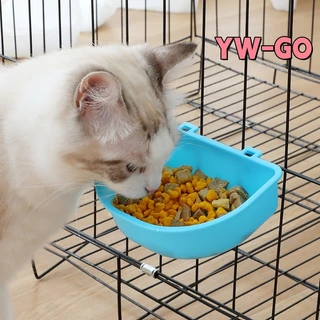 ชามอาหารสัตว์ แขวนกรง ชามอาหารแมว สุนัข ถ้วยอาหารแมว ที่ให้อาหารสัตว์เลี้ยง CW77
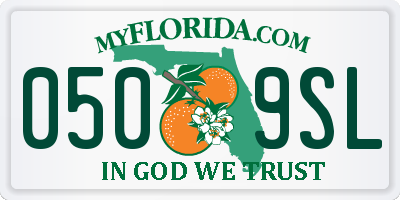 FL license plate 0509SL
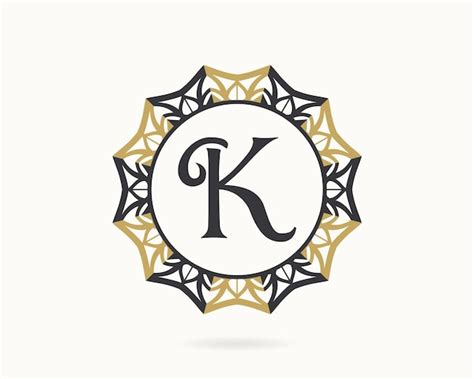 Premium Vector K Logo Luxury Letter K Vector Monogram K Letter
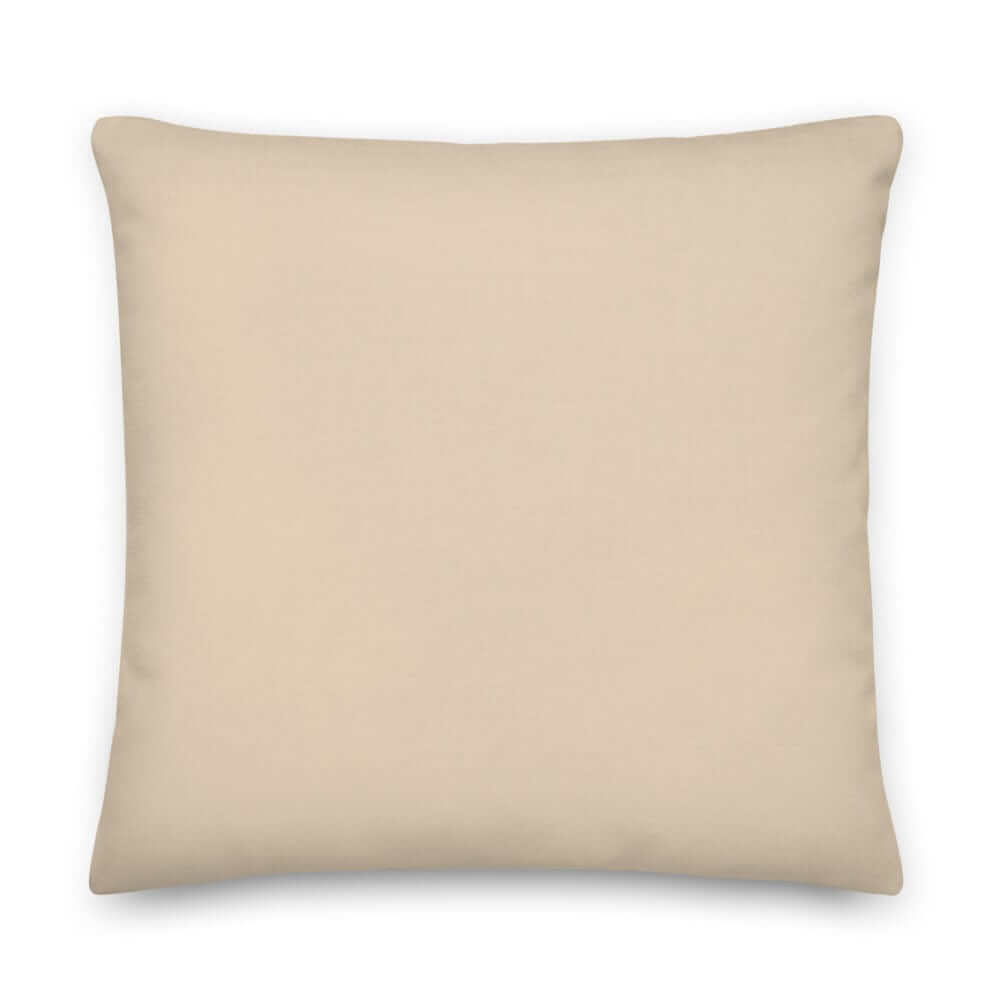 Sofie Square Brown Pattern Mid Century Modern Minimal Style Premium Decorative Throw Pillow Cushion, Pillow, $ 64.50, A Moment Of Now™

Exercise brief:
Exactly as written, copy out the listing, but without any pictures.

Your solution:
 ชามอาหารสัตว์ แขวนกรง ชามอาหารแมว สุนัข ถ้วยอาหารแมว ที่ให้อาหารสัตว์เลี้ยง CW77
 FL license plate 0509SL
 Premium Vector K Logo Luxury Letter K Vector Monogram K Letter
 Sofie Square Brown Pattern Mid Century Modern Minimal Style Premium Decorative Throw Pillow Cushion, Pillow, $ 64.50, A Moment Of Now™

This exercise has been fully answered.